Eye For Film >> Movies >> Lethal Weapon (1987) Film Review
Lethal Weapon
Reviewed by: Stephen Carty
Before it became an increasingly-cartoony, although still decent, action series, the Lethal Weapon franchise started off brilliantly. From director Dick ‘Superman’ Donner (who’d helm all four instalments) and screenwriter Shane ‘Predator’ Black (who, tellingly, left after the second), it manages a better balance of emotion, humour and action than the progressively more explosion-orientated follow-ups.
Having had suicidal tendencies ever since the death of his wife, grief-stricken cop Martin Riggs (Mel Gibson) is paired with older, by-the-book Sergeant Roger Murtaugh (Danny Glover), who is close to retirement. While, at first, Roger is anxious that Riggs crazy methods will get him killed, a friendship develops as they start working a murder case which isn’t as simple as it first appears.
It’s the substance which makes this first instalment the cream of the Lethal crop. Sure, Uncle Dick carries on the emotional threads in the later movies and there were some excellent scenes peppered throughout, but they are never as personal or important story-wise as here. Riggs breaking his TV in a fit of rage, then later consumed with loss on the brink of shooting himself… it's powerful stuff that we don’t usually see in the genre. While instalments 2 to 4 were enjoyable setpiece-heavy actioners, where the cop-case was front and centre, here it’s our character’s personal journeys that drive the narrative.

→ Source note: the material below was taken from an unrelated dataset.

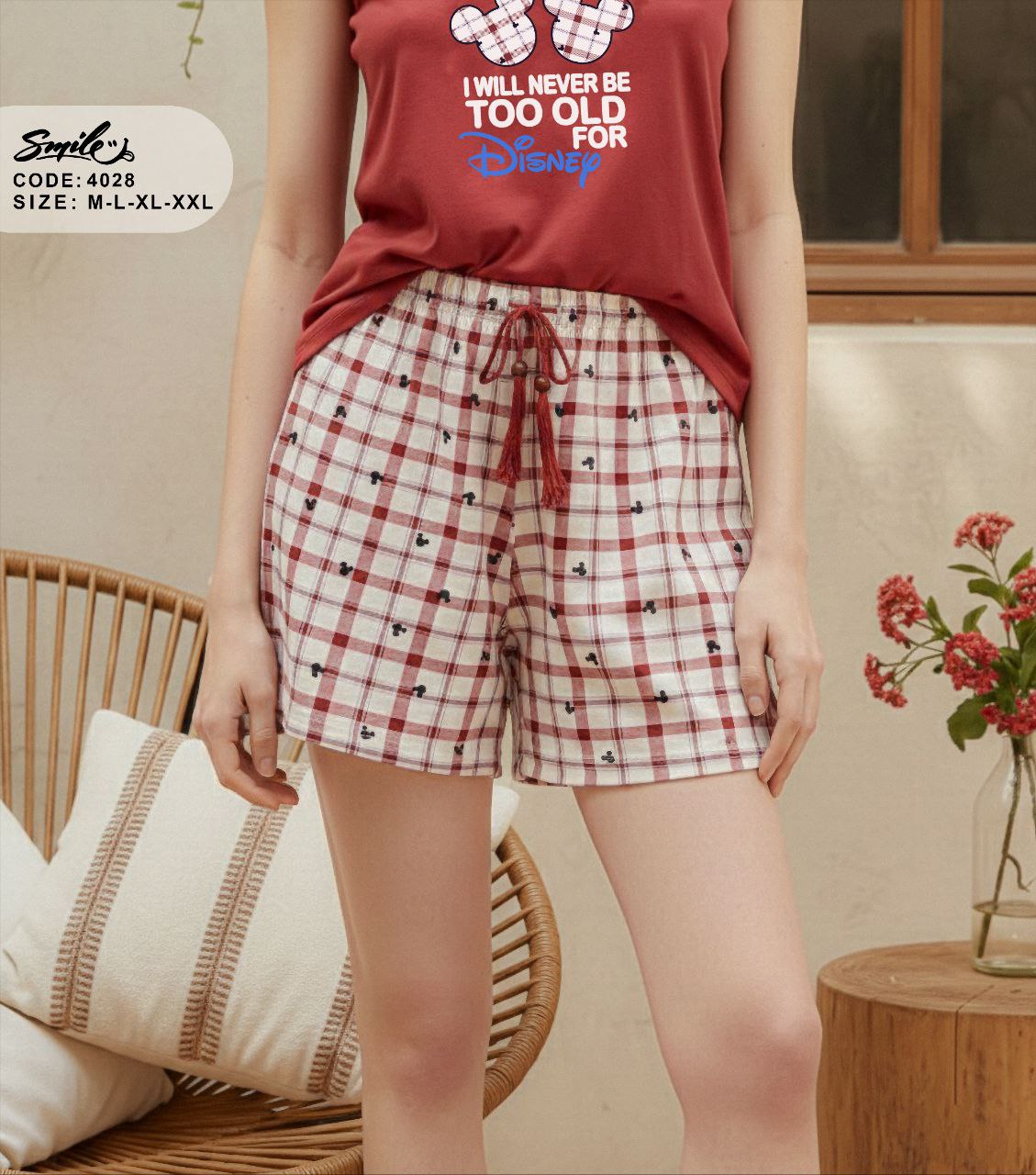 Summer women pajama smile 4028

And yet, while Donner’s original is undoubtedly the most serious of the four, it remains both fun and humorous. The banter is often contagious, there are some great one-liners (“Let’s do what one shepherd said to the other shepherd, let’s get the flock out of here”) and there’s the biggest mobile phone you’ll see on screen. Of course, there’s also plenty of action. Truthfully, it all feels a bit too much towards the end, but the scenes when Mel’s suicidal copper confronts a sniper and takes a high jump offer plenty of danger and tension.
Best of all, though, is the chemistry-oozing camaraderie our new partners share. On one side you’ve got the black, rule-abiding family man, on the other you’ve got the white loner who defines the terms ‘loose-cannon’. In any other movie, Glover would walk away with it, but truthfully Lethal Weapon is Gibson’s party. All wide-eyed insanity, flaring nostrils and twitching movements, Gibson’s got intensity on tap, balancing internal grief with edgy energy and natural comic timing for the performance of his career.
More serious, but just as funny and full of action, Lethal Weapon is easily the best of the series.